▸ **TASK**
Starting with the first line and ending with the one that holds "Somebody To Love - Queen (Acoustic Karaoke)", retype the entries exactly.

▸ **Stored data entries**
※

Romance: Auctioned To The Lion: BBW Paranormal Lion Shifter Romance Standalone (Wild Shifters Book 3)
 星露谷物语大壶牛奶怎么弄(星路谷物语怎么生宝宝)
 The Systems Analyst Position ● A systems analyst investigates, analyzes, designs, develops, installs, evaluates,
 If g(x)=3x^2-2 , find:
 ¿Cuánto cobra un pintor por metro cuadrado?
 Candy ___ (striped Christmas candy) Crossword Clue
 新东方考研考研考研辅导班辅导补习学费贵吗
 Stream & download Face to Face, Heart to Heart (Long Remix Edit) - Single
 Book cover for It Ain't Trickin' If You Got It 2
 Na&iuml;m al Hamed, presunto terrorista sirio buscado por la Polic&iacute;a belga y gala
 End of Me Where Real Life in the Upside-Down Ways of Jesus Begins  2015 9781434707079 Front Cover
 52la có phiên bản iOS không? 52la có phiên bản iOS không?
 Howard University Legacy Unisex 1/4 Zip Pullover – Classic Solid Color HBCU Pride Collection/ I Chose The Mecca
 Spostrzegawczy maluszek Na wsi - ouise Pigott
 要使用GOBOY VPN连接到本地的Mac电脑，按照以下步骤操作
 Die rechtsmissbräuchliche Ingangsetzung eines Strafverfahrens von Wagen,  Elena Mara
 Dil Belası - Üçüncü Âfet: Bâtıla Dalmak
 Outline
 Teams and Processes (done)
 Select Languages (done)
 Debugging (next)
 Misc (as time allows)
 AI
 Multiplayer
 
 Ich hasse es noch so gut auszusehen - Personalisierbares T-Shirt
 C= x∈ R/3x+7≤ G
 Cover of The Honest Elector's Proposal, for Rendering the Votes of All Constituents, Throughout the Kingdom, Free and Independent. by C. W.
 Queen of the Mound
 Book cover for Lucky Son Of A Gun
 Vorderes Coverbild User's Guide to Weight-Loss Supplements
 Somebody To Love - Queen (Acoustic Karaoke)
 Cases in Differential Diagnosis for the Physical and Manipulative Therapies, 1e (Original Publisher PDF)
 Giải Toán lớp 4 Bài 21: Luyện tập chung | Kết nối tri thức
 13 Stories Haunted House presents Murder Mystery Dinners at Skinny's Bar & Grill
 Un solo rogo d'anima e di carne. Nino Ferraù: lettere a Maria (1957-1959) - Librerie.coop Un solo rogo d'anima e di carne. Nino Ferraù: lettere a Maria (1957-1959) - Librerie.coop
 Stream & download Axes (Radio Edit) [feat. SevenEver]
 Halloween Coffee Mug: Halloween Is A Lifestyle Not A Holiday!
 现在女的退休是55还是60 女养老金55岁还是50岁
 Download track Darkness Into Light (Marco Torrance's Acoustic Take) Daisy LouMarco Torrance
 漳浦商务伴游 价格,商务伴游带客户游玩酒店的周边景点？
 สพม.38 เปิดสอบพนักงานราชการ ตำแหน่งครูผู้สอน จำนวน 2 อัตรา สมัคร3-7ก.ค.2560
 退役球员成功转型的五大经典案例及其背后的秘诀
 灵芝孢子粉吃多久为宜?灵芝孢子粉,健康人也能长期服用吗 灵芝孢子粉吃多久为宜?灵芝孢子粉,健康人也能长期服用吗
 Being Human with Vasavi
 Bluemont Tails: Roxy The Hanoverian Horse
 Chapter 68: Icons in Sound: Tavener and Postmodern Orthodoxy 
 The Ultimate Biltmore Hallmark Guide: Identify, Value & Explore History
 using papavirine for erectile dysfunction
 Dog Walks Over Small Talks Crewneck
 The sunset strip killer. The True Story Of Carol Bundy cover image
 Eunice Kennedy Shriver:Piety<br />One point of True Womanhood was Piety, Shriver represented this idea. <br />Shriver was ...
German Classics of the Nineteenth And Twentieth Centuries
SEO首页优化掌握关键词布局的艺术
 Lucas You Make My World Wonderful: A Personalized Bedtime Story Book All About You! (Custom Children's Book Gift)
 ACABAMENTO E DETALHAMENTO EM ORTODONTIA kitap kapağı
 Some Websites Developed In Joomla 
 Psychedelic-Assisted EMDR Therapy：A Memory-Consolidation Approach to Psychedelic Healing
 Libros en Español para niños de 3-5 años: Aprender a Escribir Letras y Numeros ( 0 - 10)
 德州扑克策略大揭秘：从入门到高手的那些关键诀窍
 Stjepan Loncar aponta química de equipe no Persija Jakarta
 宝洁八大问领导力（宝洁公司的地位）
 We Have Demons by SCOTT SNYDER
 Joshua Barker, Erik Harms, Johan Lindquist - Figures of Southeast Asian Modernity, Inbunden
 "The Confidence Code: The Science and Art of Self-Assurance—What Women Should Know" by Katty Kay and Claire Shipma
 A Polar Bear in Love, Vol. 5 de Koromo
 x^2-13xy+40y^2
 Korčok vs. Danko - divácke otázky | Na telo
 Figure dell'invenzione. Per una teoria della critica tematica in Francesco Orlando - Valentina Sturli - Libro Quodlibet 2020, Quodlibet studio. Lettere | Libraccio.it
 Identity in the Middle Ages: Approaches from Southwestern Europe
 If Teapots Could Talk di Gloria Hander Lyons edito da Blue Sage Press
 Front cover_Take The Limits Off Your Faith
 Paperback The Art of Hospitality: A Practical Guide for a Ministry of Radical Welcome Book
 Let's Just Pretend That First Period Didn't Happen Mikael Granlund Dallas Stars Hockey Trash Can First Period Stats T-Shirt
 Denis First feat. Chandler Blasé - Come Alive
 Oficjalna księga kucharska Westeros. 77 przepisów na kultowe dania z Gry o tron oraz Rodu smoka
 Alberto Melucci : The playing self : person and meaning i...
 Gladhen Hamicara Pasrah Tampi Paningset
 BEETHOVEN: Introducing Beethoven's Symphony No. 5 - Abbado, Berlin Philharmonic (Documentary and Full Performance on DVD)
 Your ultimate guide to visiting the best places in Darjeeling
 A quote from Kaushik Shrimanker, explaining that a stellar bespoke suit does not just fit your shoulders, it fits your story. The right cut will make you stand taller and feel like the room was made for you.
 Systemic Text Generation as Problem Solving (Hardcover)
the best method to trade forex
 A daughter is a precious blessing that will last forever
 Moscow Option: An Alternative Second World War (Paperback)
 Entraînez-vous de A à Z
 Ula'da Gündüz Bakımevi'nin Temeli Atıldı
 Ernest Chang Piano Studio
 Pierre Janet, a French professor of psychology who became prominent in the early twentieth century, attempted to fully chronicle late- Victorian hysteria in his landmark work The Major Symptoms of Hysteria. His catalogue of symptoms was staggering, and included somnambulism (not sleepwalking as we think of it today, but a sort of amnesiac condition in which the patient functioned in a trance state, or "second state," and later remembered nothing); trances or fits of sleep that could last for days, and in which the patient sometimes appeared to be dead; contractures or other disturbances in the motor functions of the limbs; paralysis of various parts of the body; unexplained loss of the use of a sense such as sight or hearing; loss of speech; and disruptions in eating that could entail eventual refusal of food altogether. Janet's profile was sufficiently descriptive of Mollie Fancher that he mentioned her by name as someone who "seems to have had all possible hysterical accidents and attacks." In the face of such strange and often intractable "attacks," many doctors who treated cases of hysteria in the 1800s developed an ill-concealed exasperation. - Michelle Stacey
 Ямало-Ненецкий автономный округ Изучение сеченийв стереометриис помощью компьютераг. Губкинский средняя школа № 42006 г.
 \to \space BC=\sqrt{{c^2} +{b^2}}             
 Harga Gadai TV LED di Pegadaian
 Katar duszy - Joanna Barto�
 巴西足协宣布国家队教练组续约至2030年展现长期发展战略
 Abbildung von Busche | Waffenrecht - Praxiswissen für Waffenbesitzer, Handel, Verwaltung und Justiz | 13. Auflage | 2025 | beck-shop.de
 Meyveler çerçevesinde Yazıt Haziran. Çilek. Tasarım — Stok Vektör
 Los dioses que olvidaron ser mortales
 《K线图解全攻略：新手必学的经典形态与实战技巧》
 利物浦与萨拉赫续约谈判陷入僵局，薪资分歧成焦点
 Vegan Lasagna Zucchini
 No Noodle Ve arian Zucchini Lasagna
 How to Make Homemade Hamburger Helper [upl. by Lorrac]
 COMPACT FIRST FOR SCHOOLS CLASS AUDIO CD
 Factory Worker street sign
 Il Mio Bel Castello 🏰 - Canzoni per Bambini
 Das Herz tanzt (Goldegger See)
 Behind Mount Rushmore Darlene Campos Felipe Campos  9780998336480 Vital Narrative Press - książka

※

▸ **EXERCISE RESULT**
Romance: Auctioned To The Lion: BBW Paranormal Lion Shifter Romance Standalone (Wild Shifters Book 3)
 星露谷物语大壶牛奶怎么弄(星路谷物语怎么生宝宝)
 The Systems Analyst Position ● A systems analyst investigates, analyzes, designs, develops, installs, evaluates,
 If g(x)=3x^2-2 , find:
 ¿Cuánto cobra un pintor por metro cuadrado?
 Candy ___ (striped Christmas candy) Crossword Clue
 新东方考研考研考研辅导班辅导补习学费贵吗
 Stream & download Face to Face, Heart to Heart (Long Remix Edit) - Single
 Book cover for It Ain't Trickin' If You Got It 2
 Na&iuml;m al Hamed, presunto terrorista sirio buscado por la Polic&iacute;a belga y gala
 End of Me Where Real Life in the Upside-Down Ways of Jesus Begins  2015 9781434707079 Front Cover
 52la có phiên bản iOS không? 52la có phiên bản iOS không?
 Howard University Legacy Unisex 1/4 Zip Pullover – Classic Solid Color HBCU Pride Collection/ I Chose The Mecca
 Spostrzegawczy maluszek Na wsi - ouise Pigott
 要使用GOBOY VPN连接到本地的Mac电脑，按照以下步骤操作
 Die rechtsmissbräuchliche Ingangsetzung eines Strafverfahrens von Wagen,  Elena Mara
 Dil Belası - Üçüncü Âfet: Bâtıla Dalmak
 Outline
 Teams and Processes (done)
 Select Languages (done)
 Debugging (next)
 Misc (as time allows)
 AI
 Multiplayer
 
 Ich hasse es noch so gut auszusehen - Personalisierbares T-Shirt
 C= x∈ R/3x+7≤ G
 Cover of The Honest Elector's Proposal, for Rendering the Votes of All Constituents, Throughout the Kingdom, Free and Independent. by C. W.
 Queen of the Mound
 Book cover for Lucky Son Of A Gun
 Vorderes Coverbild User's Guide to Weight-Loss Supplements
 Somebody To Love - Queen (Acoustic Karaoke)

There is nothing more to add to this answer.